§ DATA
■ ■ ■ ■ ■

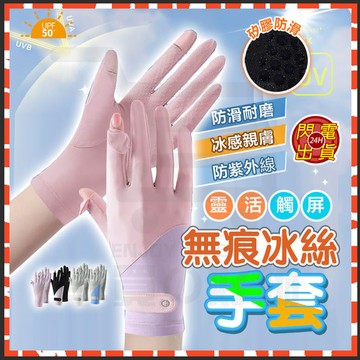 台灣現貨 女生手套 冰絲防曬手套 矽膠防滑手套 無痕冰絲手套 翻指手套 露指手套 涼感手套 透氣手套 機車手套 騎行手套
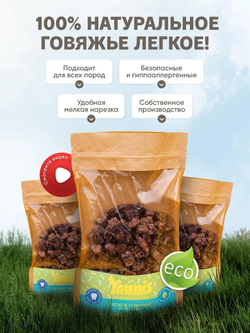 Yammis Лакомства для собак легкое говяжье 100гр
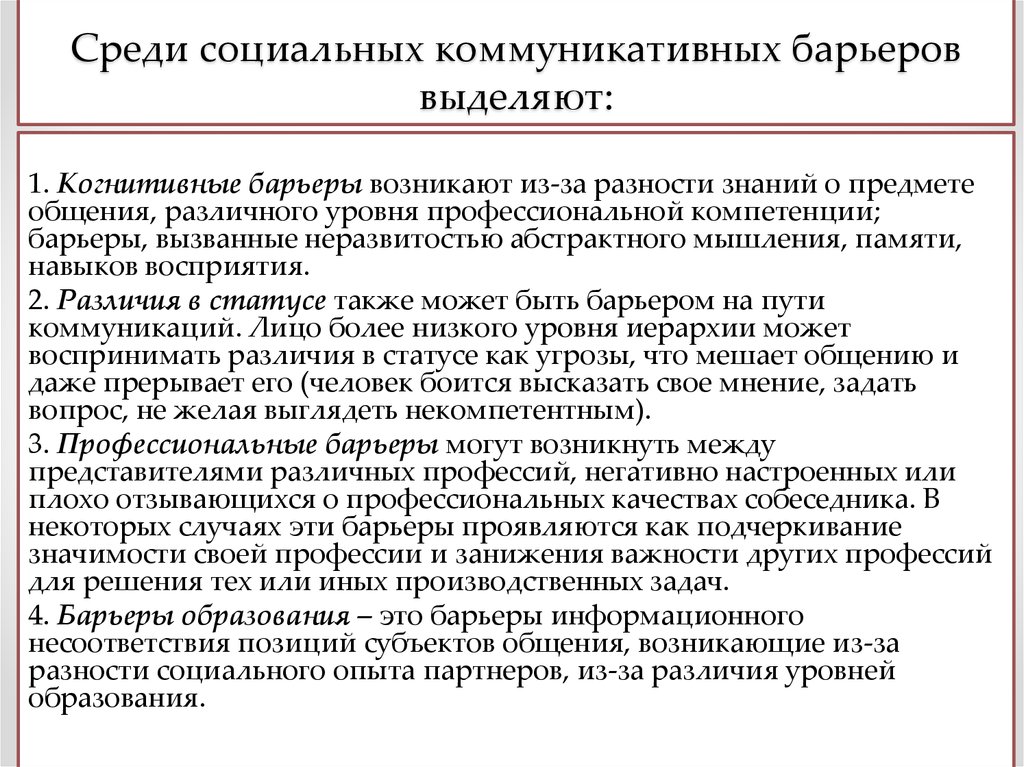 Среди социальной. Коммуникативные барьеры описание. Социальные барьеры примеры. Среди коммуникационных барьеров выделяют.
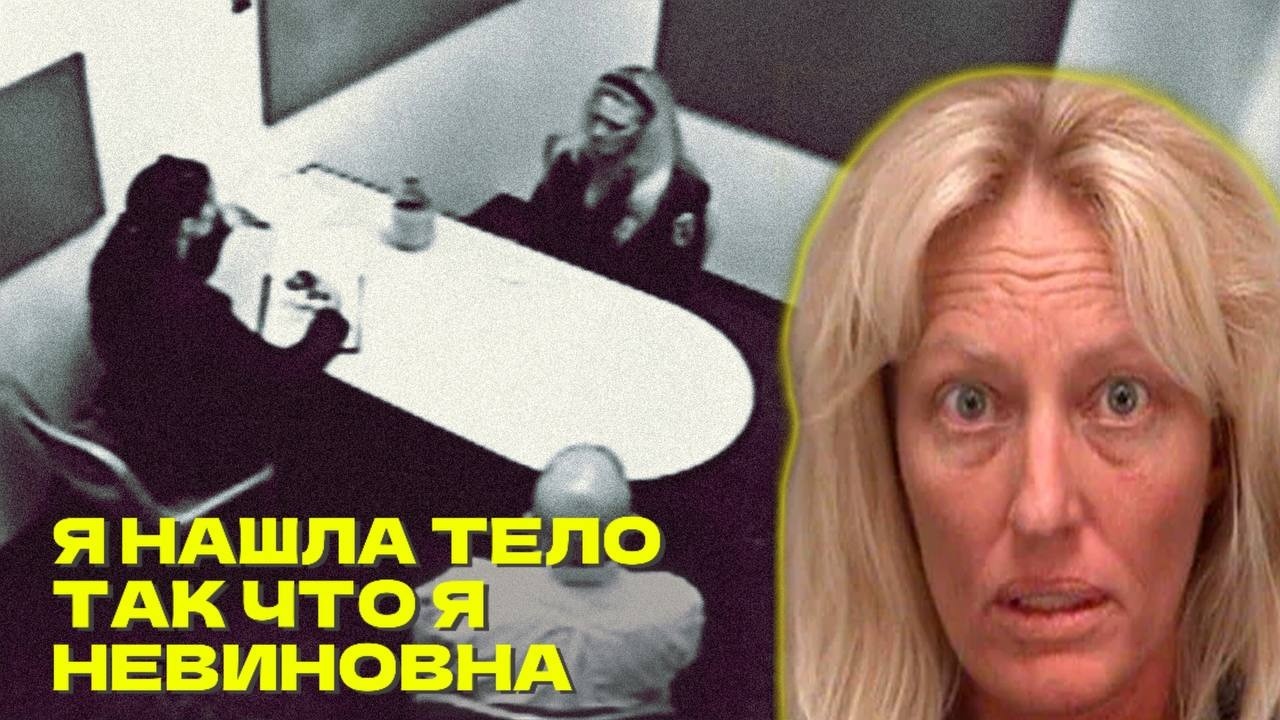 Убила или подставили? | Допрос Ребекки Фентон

■ ■ ■ ■ ■

Only those lines from the one containing "Среди социальной. Коммуникативные" to the end of the material above, retyped exactly and without pictures, belong in your reply.

§ EXPECTED ANSWER
 Среди социальной. Коммуникативные барьеры описание. Социальные барьеры примеры. Среди коммуникационных барьеров выделяют.
 Убила или подставили? | Допрос Ребекки Фентон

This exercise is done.